Tartışılan kitap: http://www.metiskitap.com/catalog/book/4601
Giriş:
Normal insanlar, önce kendileriyle özdeşleşirler, sonra
cinselliklerini giyinirler, en son da kimliklerini kazanırlar.
İngilizce’de ‘idenfication’ sözcüğünün, hem ‘özdeşlik’ hem
de ‘kimlik’ anlamı taşıması, tam da eksi zekalı ve eksi bilgili Freud’vari bir
dil sürçmesidir.
Kitaptan 3 farklı kişiden 3 ayrı alıntı yapıldı ve
yorumlandı. Bundan maksat, psikolojideki major ideoloji aktörlerinin limit aynı
yere vardığını imlelek: Zihinsel
köleleştirme.
+
Alıntılar ve yorumlar:
1.
“...sadizm, aslında narsistik libidonun etkisiyle benden
itilmiş ve ancak nesneyle ilişkide görünür hale gelmiş ölüm dürtüsüdür.”
(Freud, s: 16)
Bir: Sadizm, çocukluğunu eziyetle geçirmiş çocuklarda
görülür, seri katiller gibi. Koleksiyonerlerde değil.

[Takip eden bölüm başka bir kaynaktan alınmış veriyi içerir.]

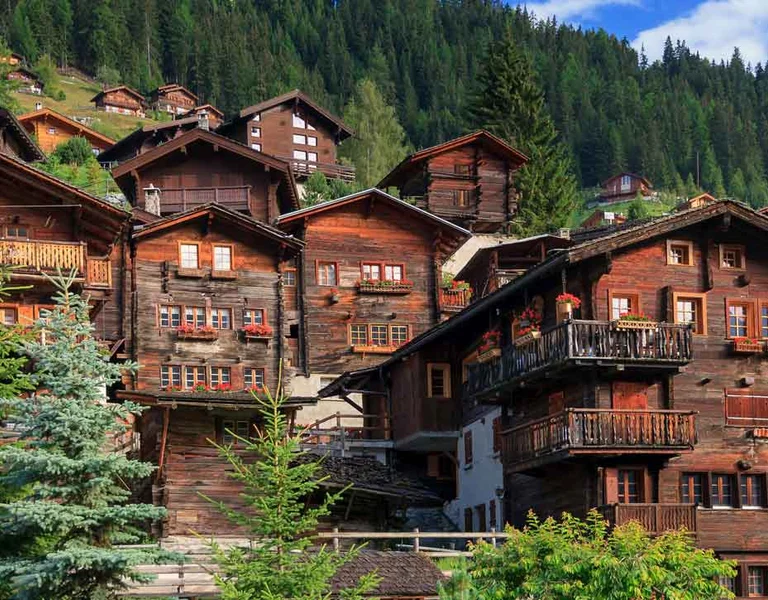 Alpine village with traditional wooden houses in Valais.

Bir bir: Seri katiller ölüm dürtüsü taşımazlar.
İki: Toplumsallaşma yoğunluğu, narsisizmi de bireysel değil,
toplumsal kılmıştır. Politikacıların olduğu ve seks partneri nesnesi (arzu
objesi) olarak tercih edilmeleri gibi.
Üç: Narsisizm, insanı benden itmez, tersine bene gömer.
Dört: Nesneyle ilişki, psikolojik değil, kültürolojik bir
süreçtir, özellikle bakınız koleksiyoner davranışları.
Beş: Savaş, cinayet ve/ya intihar ölüm dürtüsü imlemez. 1945
ertesiki AB’nin kültürel pasifliği ve barışseverliği
ölüm dürtüsü imler.
Altı: Ben ve nesne çelişmez ve/ya çatışmaz. Zaten
çelişmeleri ve/ya çatışmaları değil, tam tersine birleşmeleri (özellikle de
koleksiyonerlik türünde) sorun yaratır.
+
2.
“Süperego oluşumunun doğuştan gelmi etmenlerce belirlendiğini
ve süperego özerkliğinin süperegonun ilk öncüllerinin yol açtığı baskılardan
bağımsız oludğunu düşündüğümü imlerim.” (Jacobson, s: 84)
Bir: Süperegonun genetik parçaları çok tartışmalı bir
saptama. Genetik bir şey kültürel modalarla değişmez ama süperegolar değişir.
Eşcinselliğe karşı hoşgörü veya hoşgörüsüzlük, genetik değil, kültürel
modasaldır, bakınız son 15 yıl ABD’si ve ‘politically correct’ uydurma kavramı.
İki: Geçersiz dilegetirme bile olsa, süperegonun farlı
yönlere bakabileceğinin imlenmesi makul bir düşünce vektörü.
+
3.
“Kimlik oluşumu, ... özdeşleşmenin yararının bittiği yerde
başlar.” (Erikson, s: 161)
1 atışta 4 ıskalama birden:
Bir: Kimlik oluşumu, toplumla özdeşleşmedir. Özdeşleşmenin
bitmesi değil, yayılımıdır yani.
İki: Özdeşleşmenin yararı, zihni kendi’ye köle yapmaktır.
Kognitif açıdan kendilik, oldukça bilgi eksiltici bir durumdur.
Üç: Yarar yaklaşımı, ekonomik deterministtir, ekolojik
değildir ki bu da Marx’ı ve Freud’u aynı noktada buluşturur (Malthus’un da
onları yaptığı gibi).
Dört: Özdeşleşme en geç 3 yaşında biter, kimlik oluşumu ise
en erken 18 yaşında başlar: Epeyi bir fark. Zaten bu dönem de, tüm yaşamda
göreli en özgür olunan zaman aralığıdır.
+
Çıkış:
Yazık, gerçekten çok yazık.
Freud beni 36 yıldır zıvanadan çıkarıyor. Epeyi sanatçı ve
bilimci adayının, onun öğretileri çerçevesinde, elektrikli ızgara yapıldığını
izledim.
Metis’e çok yazık. 30 yıldır henüz Szondi’yi keşfedemedi.